Our protagonist adds another layer. He’s a bounty hunter employed by the Federal government, sent north to capture escaped slaves and return them to their bonds. An act US law requires. He just happens to be a freed former slave. So a black man who was once a slave is searching for another black man in order to return him to slavery. Yikes.

He travels to Indy in search of his escapee and gets pulled into the struggle between Northerners who seek to end slavery and his obligations as an agent of the government.

I loved the concept. Winters comes awfully close to nailing it in execution. The book is engaging, his characters sympathetic. He doesn’t overload the reader with details about how life is different in a modern nation that endorses slavery. Rather, he slowly spools them out and lets the reader build an image of the country.

Honestly, what keeps this from being a home run is The Last Policeman series. That was so well done, and ended absolutely perfectly, that even in this broader story, it’s difficult to measure up to.


The Arm – Jeff Passan. An engaging look at why baseball pitchers’ elbows keep blowing up by Yahoo!’s main baseball writer. Passan examines players at all levels and tries to determine why Tommy John surgery is so prevalent. While there are concerns about workload, especially at a young age, and the love of velocity over all else in the modern game, he concludes that there are no clear indicators of when/why a pitcher’s elbow will fail. In addition to looking at the history of Tommy John surgery, he also looks at developing techniques that could offer players a way to get back quicker, and better, than Tommy John surgery allows.

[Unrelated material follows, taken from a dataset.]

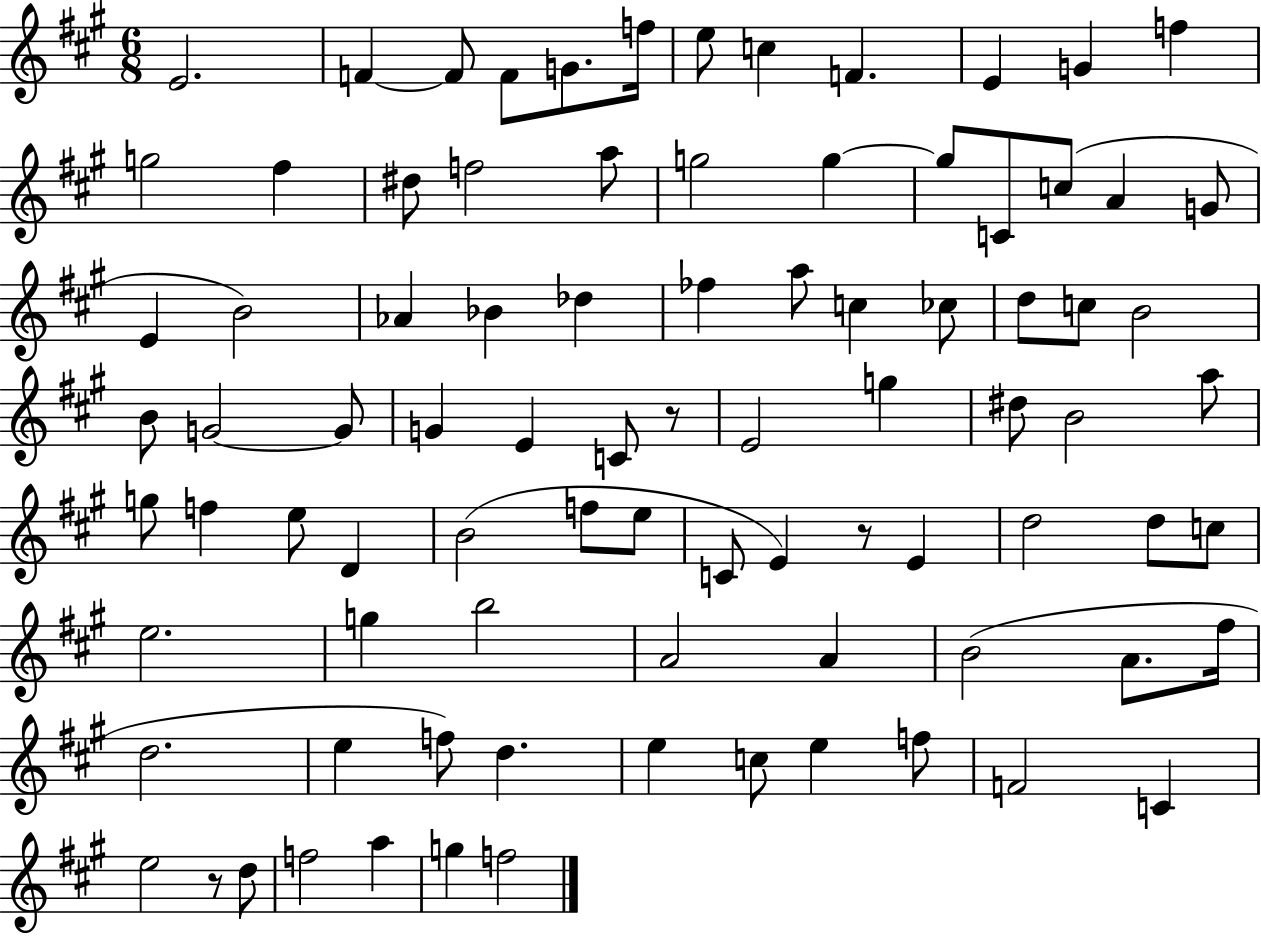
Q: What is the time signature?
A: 6/8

How Music Got Free – Stephen Witt. Witt dives into the recent history of the music business, from its heyday in the CD era, when sales and profits were massive, to the era of iTunes, when the old order had been completely destroyed.

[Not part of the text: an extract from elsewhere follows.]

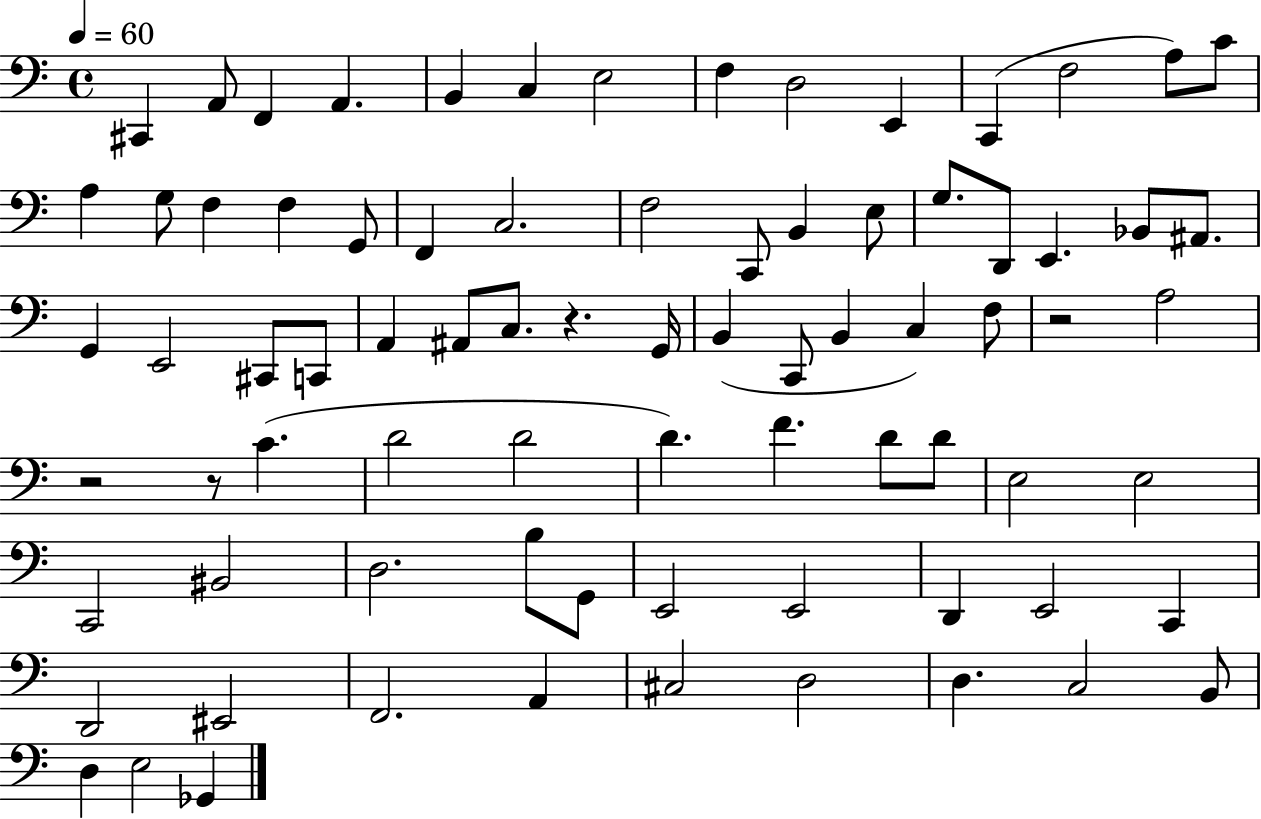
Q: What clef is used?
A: bass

He focuses on a few key individuals to tell his story. There was the team of German engineers who created the MP3 format in the 1980s. There was Doug Morris, perhaps the most powerful music industry exec who chased profits better than anyone else in the CD era, saw his empire crumble in the MP3 era, and in his waning days before retirement, latched onto YouTube ads as a way to recapture lost revenue. There was Dell Glover, an employee at a CD manufacturing plant in North Carolina who was responsible for leaking thousands of albums to the Internet before their official release dates. And there was iTunes, the only online music store that ever gained any real traction with the buying public, but which couldn’t begin to return the music industry to the profit levels it once enjoyed.

Witt’s exploration is deep and enlightening. As with all books based on technology, it falls a little flat simply because Spotify, Pandora, and Apple Music have shifted the way we consume music to the streaming model over the past 2–3 years. The game has already changed on a book about game changes. Despite that, this is still a terrific, and honest, look at how drastically the technology has affected the music industry.


The Golden Hour – Todd Moss. Finally, a little geo-thriller written by a former Under Secretary of State who currently runs an NGO that focuses on global poverty.

In The Golden Hour, State Dept. official Judd Ryker is a former academic who has developed a theory that coups can be reversed if met by swift, decisive pressure by the United States and other western governments. He gets a chance to test his theory when a coup is launched in Mali, where he did research in his younger days and was injured by a roadside bomb blast just a year earlier. As with most coups, the good guys have dark sides, and some of the bad guys seem a little less bad because of the friends they keep. Ryker has to fight through a lack of support in Washington to bring about the proper conclusion in Bamako.

This is a quick, not entirely satisfying novel. It wraps up a little too easily. Moss touches on the complexity of local politics in the third world without overwhelming the reader with a dense history lesson. Yet it feels like he needed to offer just a little more. That relative lightness makes it a good summer read: something you can blow through quickly and likely forget soon after.